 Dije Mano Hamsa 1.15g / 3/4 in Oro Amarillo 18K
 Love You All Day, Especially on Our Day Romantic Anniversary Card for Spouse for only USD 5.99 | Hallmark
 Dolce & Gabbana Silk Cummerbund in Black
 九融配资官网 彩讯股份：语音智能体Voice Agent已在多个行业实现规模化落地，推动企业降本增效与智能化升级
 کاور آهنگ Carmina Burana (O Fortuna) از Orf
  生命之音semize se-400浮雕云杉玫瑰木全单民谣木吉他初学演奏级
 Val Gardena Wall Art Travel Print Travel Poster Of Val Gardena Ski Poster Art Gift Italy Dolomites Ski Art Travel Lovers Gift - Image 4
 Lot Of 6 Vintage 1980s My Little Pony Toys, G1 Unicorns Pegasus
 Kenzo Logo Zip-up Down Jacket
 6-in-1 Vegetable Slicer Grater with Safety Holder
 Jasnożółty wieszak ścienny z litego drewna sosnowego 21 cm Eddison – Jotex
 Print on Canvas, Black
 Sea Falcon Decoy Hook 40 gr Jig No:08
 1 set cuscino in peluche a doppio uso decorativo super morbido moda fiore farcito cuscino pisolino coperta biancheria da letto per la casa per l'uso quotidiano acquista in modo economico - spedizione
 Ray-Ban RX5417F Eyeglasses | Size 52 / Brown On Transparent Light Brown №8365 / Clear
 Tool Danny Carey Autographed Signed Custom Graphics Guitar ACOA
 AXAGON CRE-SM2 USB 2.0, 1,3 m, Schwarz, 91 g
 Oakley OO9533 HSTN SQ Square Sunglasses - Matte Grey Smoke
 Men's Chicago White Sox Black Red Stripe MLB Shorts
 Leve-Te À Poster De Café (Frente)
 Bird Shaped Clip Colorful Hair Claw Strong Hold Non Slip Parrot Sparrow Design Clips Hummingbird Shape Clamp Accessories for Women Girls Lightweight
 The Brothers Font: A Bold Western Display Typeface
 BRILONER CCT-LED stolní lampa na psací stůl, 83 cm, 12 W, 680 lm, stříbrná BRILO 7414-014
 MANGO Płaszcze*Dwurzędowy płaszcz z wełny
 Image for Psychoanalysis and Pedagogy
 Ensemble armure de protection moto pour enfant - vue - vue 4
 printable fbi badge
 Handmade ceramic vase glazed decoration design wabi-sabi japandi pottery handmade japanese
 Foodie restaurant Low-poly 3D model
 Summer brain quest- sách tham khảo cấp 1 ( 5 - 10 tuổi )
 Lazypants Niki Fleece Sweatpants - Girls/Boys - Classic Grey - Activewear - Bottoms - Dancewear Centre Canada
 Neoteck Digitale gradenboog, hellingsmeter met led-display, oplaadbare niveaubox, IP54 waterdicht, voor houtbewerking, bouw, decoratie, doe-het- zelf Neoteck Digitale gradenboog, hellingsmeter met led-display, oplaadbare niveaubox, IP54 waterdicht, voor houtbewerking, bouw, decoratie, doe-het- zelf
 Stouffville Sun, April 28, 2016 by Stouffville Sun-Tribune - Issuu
------------------------------------------------
§ What to do
From the line that contains "doe-het- zelf Neoteck" through the last line of the listing, every line is to be restated word for word, both ends included.

§ Finished exercise
 Neoteck Digitale gradenboog, hellingsmeter met led-display, oplaadbare niveaubox, IP54 waterdicht, voor houtbewerking, bouw, decoratie, doe-het- zelf Neoteck Digitale gradenboog, hellingsmeter met led-display, oplaadbare niveaubox, IP54 waterdicht, voor houtbewerking, bouw, decoratie, doe-het- zelf
 Stouffville Sun, April 28, 2016 by Stouffville Sun-Tribune - Issuu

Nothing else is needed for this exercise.